The joys, the risks and the motivations of mountain climbing are at the heart of Malcolm Slesser's book. This autobiographical account spans 64 years of mountain exploration in every continent, during which both attitudes and technology have undergone vast changes. It is a story of the joy of discovery shared with friends in high places. Mountain climbing, like life itself, is not without risk. Unlike most sports, climbing is the solution to a very personal equation. The decision to go on or return lies with the climber and is influenced by his or her awareness of the risk. In that awareness lies safety and the ability to navigate the cliffs above and the chasms at your feet. Good judgement comes from experience. And experience comes from poor judgement. Most survive to a reasonable age; some brilliant climbers like Herman Buhl and Dougal Haston have perished through a momentary lapse of judgement. Too many die young, failing to appreciate that safety lies in the awareness of danger. The motivation for mountain climbing is not risk. It is the joy of exploration of the vertical, whether it be a virgin summit, a lonely precipice or simply a new line on an familiar rock face.

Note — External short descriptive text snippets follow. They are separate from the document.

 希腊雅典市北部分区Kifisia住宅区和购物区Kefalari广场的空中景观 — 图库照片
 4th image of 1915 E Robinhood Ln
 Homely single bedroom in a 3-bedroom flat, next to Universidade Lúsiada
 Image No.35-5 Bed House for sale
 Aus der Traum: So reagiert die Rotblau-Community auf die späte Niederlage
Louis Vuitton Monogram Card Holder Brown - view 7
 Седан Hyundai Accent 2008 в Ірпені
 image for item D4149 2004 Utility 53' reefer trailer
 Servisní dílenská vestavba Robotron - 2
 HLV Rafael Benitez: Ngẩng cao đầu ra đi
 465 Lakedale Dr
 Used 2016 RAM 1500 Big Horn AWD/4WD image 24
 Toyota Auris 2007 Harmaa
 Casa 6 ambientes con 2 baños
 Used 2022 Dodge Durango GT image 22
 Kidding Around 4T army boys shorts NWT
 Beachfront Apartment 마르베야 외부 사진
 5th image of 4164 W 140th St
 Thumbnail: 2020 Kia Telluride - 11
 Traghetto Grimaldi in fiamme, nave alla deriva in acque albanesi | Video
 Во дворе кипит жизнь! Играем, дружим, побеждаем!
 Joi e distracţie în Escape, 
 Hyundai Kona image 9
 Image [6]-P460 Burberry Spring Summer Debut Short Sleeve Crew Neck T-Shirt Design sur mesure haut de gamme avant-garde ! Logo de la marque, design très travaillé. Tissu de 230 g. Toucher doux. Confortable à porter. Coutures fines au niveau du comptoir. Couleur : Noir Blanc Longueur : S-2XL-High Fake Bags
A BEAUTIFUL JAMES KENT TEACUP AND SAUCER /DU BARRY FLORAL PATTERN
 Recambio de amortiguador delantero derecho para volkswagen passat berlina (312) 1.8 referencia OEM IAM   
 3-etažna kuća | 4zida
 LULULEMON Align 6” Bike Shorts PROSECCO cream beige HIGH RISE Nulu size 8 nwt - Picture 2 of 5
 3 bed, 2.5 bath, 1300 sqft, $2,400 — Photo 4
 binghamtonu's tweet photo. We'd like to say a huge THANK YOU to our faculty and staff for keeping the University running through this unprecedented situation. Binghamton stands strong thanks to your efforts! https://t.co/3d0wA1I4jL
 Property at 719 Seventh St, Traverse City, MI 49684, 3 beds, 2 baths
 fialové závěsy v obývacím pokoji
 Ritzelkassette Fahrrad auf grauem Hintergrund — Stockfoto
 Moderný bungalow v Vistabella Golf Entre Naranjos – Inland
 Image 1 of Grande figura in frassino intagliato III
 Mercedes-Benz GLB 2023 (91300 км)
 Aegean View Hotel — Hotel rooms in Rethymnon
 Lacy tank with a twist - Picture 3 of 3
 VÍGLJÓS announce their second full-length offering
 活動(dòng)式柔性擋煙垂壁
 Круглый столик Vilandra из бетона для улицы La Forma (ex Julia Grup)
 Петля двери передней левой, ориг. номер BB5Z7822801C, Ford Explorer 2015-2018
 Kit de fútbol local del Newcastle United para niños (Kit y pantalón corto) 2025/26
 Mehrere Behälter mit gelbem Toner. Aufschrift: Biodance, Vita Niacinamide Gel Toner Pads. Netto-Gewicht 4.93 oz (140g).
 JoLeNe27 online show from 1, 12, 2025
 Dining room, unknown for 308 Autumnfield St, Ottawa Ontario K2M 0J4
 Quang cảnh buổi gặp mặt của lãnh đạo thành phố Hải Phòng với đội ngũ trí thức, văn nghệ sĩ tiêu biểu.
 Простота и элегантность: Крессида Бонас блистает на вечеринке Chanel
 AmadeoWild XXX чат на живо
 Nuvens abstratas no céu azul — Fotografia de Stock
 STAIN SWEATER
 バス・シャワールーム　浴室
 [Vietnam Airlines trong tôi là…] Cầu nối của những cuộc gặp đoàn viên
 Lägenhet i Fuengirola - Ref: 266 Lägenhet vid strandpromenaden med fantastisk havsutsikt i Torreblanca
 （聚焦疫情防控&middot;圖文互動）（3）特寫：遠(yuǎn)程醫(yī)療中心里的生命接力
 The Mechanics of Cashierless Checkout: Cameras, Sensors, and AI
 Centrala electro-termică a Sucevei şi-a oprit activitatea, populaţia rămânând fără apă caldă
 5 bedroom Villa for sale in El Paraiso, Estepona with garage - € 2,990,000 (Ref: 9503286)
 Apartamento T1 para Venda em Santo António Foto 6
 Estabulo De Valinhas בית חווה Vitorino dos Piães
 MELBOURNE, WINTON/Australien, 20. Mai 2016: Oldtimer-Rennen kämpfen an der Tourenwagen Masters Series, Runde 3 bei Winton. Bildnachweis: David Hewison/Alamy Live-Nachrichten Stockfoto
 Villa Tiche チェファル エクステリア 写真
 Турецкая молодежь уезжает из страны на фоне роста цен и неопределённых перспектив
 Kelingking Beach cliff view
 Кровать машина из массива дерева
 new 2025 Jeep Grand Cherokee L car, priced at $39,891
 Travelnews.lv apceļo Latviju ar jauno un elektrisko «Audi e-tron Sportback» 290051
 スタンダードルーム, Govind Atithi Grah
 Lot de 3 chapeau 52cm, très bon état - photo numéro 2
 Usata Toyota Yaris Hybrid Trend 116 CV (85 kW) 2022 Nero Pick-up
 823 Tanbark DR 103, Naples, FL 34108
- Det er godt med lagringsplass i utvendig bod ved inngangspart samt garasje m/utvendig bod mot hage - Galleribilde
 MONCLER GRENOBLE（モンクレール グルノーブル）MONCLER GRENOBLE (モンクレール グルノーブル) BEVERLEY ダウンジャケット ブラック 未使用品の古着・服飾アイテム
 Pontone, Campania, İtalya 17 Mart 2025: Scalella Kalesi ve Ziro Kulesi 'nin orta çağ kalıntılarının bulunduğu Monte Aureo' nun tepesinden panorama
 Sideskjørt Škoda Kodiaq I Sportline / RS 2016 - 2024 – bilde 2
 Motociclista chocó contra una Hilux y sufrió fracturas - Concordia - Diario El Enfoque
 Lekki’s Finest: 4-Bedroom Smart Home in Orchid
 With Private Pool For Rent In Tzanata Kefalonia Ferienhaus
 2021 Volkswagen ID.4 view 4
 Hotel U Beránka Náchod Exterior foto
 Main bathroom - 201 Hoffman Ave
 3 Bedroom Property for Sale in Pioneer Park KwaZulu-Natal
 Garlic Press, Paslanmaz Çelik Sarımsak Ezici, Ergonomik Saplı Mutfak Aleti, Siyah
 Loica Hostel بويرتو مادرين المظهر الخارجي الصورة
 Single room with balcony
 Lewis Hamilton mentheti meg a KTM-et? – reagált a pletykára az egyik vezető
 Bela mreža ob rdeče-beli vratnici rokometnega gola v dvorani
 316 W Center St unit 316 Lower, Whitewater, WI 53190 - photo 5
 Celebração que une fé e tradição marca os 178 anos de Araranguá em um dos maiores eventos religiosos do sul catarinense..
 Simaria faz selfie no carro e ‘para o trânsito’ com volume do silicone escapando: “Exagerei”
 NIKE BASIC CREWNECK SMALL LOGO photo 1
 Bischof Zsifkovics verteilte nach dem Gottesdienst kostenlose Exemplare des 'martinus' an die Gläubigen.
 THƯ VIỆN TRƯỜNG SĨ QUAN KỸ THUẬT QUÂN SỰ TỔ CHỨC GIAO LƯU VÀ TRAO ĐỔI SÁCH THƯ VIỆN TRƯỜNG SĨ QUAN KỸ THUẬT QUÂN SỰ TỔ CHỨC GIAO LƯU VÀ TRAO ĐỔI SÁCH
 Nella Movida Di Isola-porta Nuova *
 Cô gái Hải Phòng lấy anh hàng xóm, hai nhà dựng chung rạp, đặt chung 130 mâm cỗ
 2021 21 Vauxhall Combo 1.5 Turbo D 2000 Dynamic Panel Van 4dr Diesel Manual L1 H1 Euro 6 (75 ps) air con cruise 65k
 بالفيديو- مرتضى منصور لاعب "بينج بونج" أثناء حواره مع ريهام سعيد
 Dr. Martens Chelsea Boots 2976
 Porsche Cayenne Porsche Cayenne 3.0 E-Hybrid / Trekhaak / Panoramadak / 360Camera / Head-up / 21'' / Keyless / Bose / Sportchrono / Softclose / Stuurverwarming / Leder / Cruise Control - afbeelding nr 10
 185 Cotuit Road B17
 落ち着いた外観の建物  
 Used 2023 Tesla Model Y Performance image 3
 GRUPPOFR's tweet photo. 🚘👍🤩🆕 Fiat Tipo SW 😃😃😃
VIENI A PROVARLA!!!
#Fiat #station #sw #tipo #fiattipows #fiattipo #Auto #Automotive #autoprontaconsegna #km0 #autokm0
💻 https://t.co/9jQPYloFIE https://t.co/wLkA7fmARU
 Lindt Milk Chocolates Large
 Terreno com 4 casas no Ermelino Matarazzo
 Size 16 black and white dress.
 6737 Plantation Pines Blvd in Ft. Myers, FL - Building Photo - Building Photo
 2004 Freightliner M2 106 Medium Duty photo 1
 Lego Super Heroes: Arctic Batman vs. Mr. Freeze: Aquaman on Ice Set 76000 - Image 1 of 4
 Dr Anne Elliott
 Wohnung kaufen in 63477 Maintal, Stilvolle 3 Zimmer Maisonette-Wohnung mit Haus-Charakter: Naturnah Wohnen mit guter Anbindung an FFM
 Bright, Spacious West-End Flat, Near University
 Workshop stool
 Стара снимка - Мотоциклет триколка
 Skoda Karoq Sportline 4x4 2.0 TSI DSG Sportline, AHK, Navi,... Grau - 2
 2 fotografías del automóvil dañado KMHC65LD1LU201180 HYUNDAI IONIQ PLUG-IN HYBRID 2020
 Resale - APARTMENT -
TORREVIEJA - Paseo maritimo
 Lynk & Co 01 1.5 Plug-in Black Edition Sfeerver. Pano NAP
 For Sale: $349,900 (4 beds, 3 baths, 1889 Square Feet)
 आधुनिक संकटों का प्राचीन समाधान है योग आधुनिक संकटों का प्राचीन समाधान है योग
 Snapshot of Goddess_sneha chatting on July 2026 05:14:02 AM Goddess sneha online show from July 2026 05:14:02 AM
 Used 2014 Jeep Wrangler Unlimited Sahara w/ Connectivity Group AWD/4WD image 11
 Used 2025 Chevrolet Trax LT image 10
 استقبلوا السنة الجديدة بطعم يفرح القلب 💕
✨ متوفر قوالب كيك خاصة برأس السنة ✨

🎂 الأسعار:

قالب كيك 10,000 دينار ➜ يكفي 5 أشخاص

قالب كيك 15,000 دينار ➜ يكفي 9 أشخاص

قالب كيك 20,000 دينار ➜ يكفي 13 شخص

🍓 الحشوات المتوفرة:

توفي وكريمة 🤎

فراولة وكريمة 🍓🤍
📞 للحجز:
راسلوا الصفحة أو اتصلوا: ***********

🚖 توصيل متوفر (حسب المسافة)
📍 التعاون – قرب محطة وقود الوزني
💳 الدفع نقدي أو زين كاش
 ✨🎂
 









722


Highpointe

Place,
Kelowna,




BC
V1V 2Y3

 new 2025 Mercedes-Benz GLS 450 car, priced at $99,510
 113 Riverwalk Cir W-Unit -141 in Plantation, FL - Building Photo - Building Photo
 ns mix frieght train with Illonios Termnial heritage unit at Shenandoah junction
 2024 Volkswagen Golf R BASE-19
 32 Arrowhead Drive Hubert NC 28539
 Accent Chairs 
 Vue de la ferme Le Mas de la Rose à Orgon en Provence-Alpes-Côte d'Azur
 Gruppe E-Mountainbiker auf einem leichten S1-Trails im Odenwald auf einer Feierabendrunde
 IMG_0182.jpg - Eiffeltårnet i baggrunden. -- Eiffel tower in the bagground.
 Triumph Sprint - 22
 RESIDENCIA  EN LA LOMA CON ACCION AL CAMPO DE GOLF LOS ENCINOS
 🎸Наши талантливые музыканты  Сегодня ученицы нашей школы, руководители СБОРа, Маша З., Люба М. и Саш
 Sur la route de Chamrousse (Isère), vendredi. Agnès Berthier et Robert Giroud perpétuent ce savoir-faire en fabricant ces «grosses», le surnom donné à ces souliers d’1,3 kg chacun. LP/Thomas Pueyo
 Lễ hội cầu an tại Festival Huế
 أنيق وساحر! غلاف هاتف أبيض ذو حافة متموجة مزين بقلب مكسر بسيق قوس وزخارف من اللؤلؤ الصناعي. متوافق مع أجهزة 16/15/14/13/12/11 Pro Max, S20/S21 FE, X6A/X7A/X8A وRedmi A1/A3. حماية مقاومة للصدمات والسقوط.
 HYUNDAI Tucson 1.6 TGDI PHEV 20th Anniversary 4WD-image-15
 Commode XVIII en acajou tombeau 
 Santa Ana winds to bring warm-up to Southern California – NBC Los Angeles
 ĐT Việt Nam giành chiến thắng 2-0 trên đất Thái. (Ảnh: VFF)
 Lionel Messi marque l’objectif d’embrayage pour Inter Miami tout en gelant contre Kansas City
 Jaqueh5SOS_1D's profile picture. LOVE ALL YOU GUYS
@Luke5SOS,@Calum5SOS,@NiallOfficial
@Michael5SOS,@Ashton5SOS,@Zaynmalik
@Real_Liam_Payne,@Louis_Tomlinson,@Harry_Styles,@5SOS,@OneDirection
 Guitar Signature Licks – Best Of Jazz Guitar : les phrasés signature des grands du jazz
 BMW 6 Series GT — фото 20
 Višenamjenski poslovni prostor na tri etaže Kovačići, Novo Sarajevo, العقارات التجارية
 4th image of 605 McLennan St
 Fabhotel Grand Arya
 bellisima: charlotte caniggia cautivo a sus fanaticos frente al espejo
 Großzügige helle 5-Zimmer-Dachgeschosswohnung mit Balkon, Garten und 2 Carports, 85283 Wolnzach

It is the delicious matching of skill to the difficulties presented by the mountain. It is to heighten the senses in lonely remote places. It is to remove all obstacles between the individual and nature. Malcolm Slesser is a survivor and has many tales to tell. In "With Friends in High Places", he explores situations such as the ill-fated Pamir expedition of 1962, and unusual environments, including the Arctic and the Tropics, that he has experienced throughout his decades of mountaineering and exploring around the globe.
Malcolm Slesser is an author, mountaineer and energy analyst who is widely known in the hillwalking and mountaineering world. His climbing career has spanned some 64 years, during which he has climbed and explored on every continent. He lives in Edinburgh.